Blasphemy: A Memoir: Sentenced to Death over a Cup of Water
- Author: Anne-Isabelle Tollet, Asia Bibi
- Language: English
- Published: 2011
- Pages: 160
- ISBN: 9781613748893

= Blasphemy: A Memoir =

2011 book by Anne-Isabelle Tollet and Aasiya Noreen

 Blasphemy: A Memoir: Sentenced to Death over a Cup of Water is a book by French journalist Anne-Isabelle Tollet and Aasiya Noreen better known as Asia Bibi. It is about the real-life story of Asia Bibi, a Pakistani Christian woman who was sentenced to death after being convicted of blasphemy by a Pakistani court, in 2010 and was in jail in solitary confinement. She was tried after a dispute over drinking water with her Muslim neighbours after she drank water from the same cup as her Muslim neighbours in a rural village in the Sheikhupura District of Punjab, Pakistan in which she was accused of allegedly insulting the Islamic prophet Muhammad, a charge she has denied. The book was dictated by Asia Bibi, an illiterate and mother of five, to her husband from jail.

Asia Bibi would later disown the memoir, citing that she disagreed with the book's portrayal of her story and Pakistani law.

==Reception==
Kirkus Reviews found it to be "a passionate plea for help from a desperate woman who stands behind her pledge of innocence." U.S. Catholic found the book "moving", and called it "an up-close account of the ugly effects of religious intolerance, vicious discrimination, and unjust blasphemy laws."
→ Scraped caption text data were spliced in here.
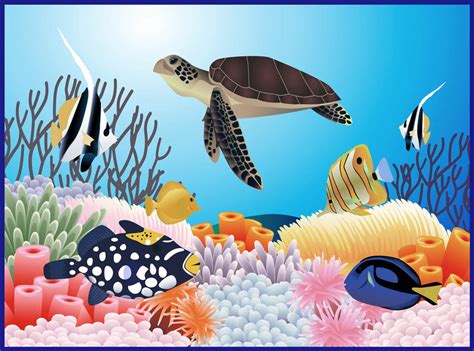 This video is about how to draw sea creatures in easy steps. Ocean Life Clipart - Clipart Suggest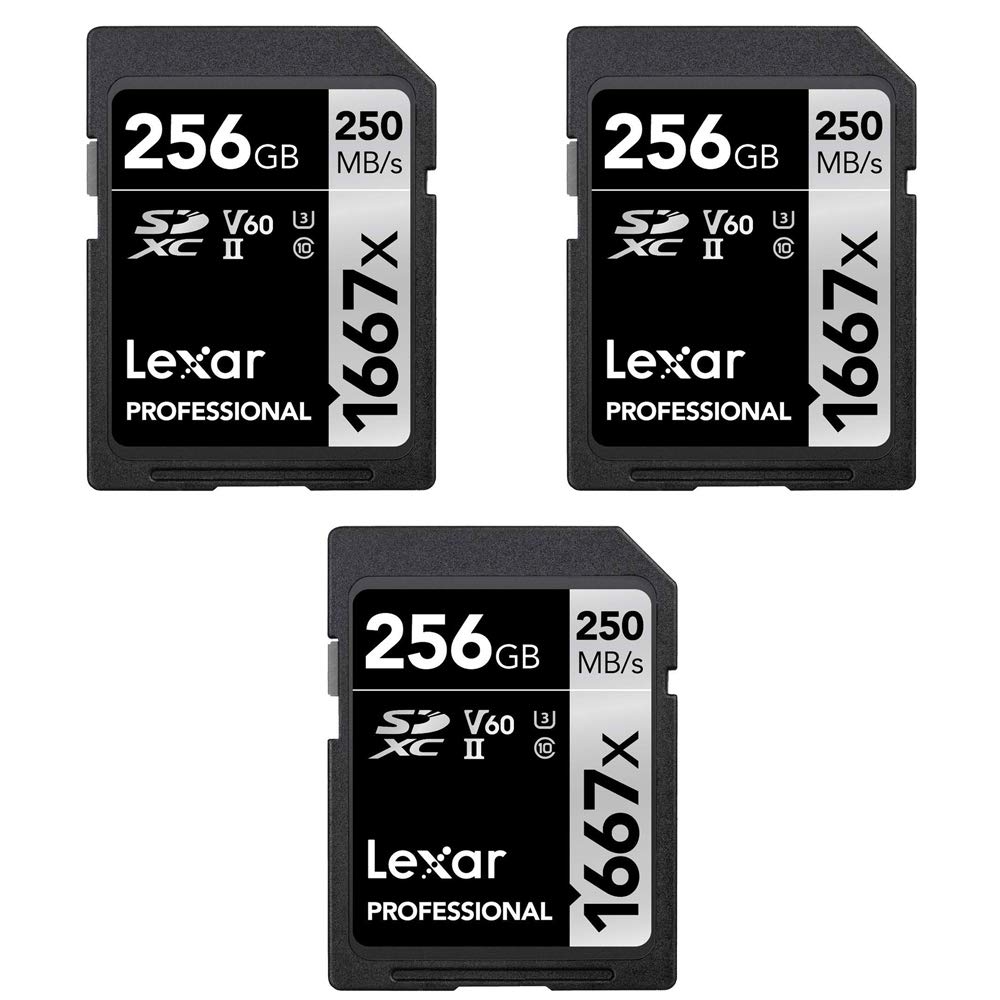 Amazon.com: Lexar LSD256CBNA1667 Professional SDHC/SDXC 1667x UHS
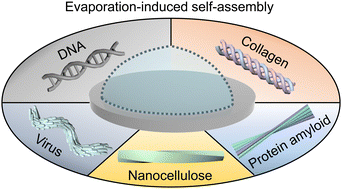 Graphical abstract: Evaporation-induced self-assembly of liquid crystal biopolymers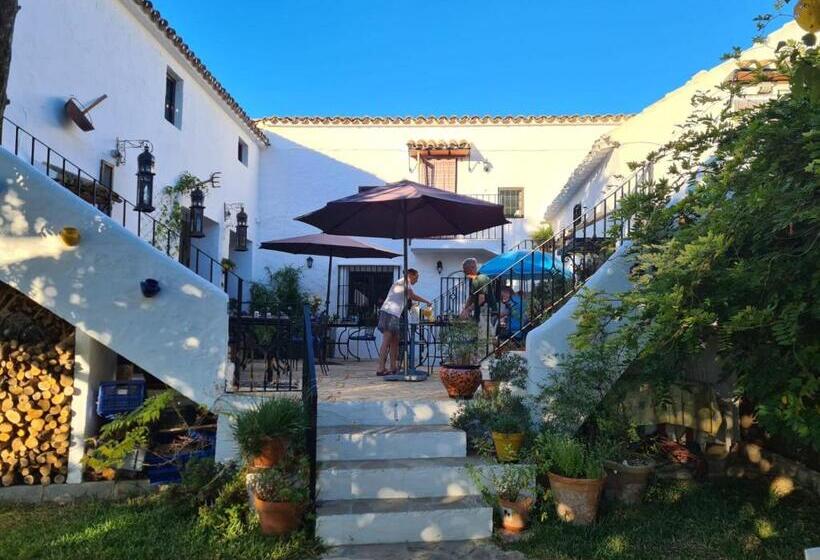 مبيت وإفطار Cortijo La Haza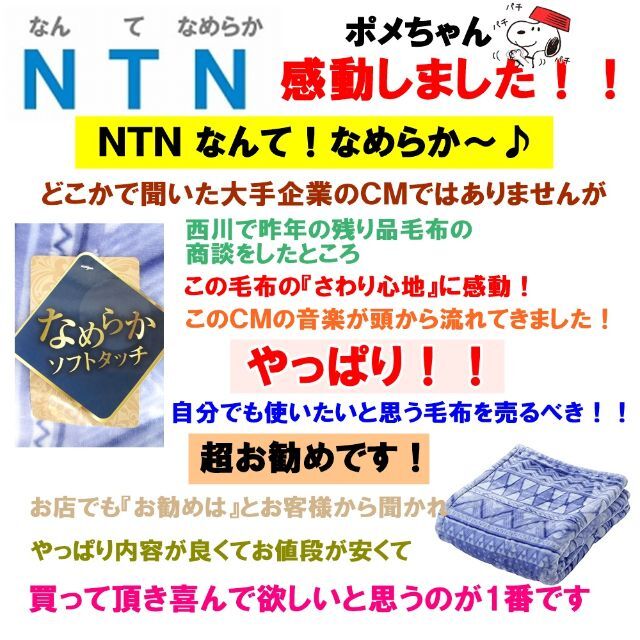 ２枚セット！西川なめらかソフトタッチあったかマイヤー毛布 ✨ブルー+ピンク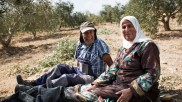 Palestinian olive farmers Khaled Mkheimer and his wife Sana Mkheimer. The couple lived in Stuttgart for many decades. 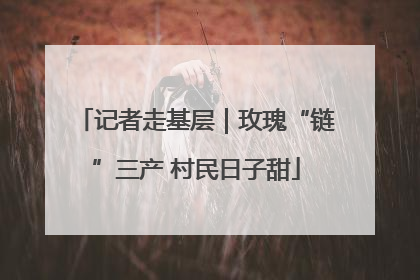记者走基层｜玫瑰“链”三产 村民日子甜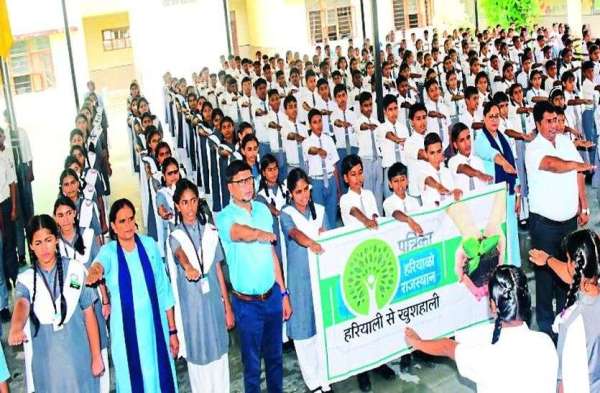 Planting saplings somewhere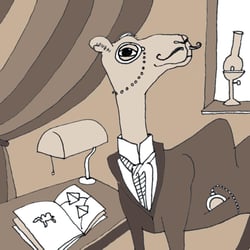 Ein Kamel auf Zeitreise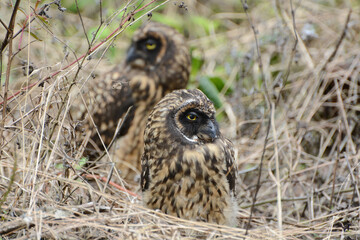 Galapagos Short-eared Owl (Asio flammeus galapagoensis). Close-up portrait of two owls perched on the ground in the Galapagos Islands. Yellow eyes, flat facial disk.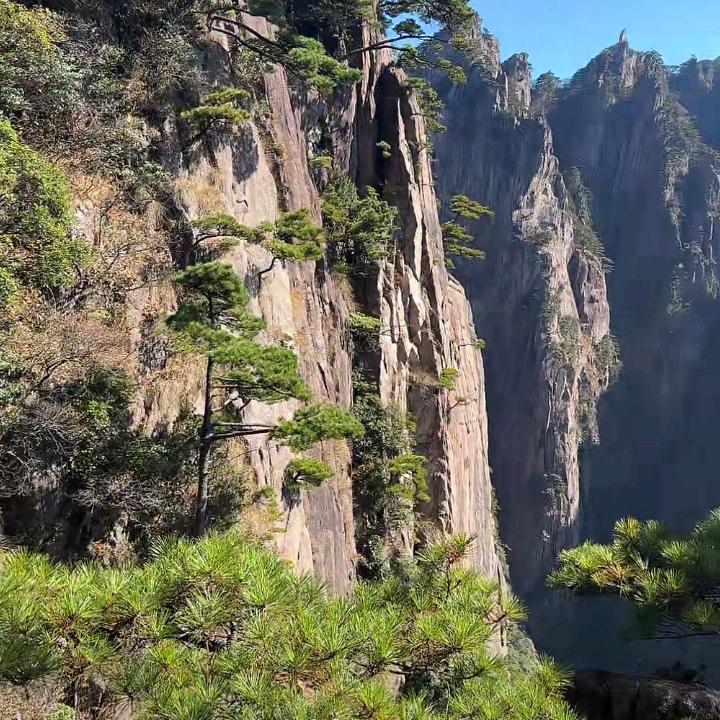 你叫什么名字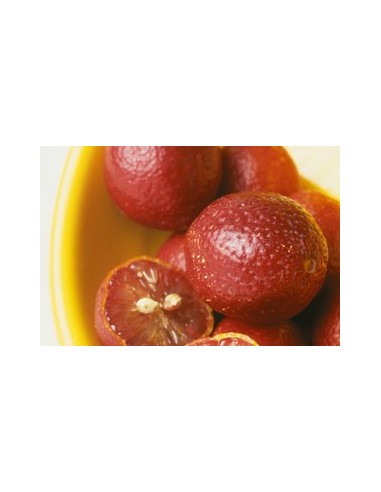 1 Arbolito de Limon sangre ''Australian Blood Lime'' (CItrus sp.) Real: limones rojos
In an August 2020 interview with Voice of America Urdu, Asia Bibi disowned the book. She stated that she was not involved in its planning, did not recognize the story as hers, and disagreed with its conclusions regarding Pakistani law. Her public condemnation of the book, particularly her refusal to denounce blasphemy law, drew criticism from some church leaders and Christian activists.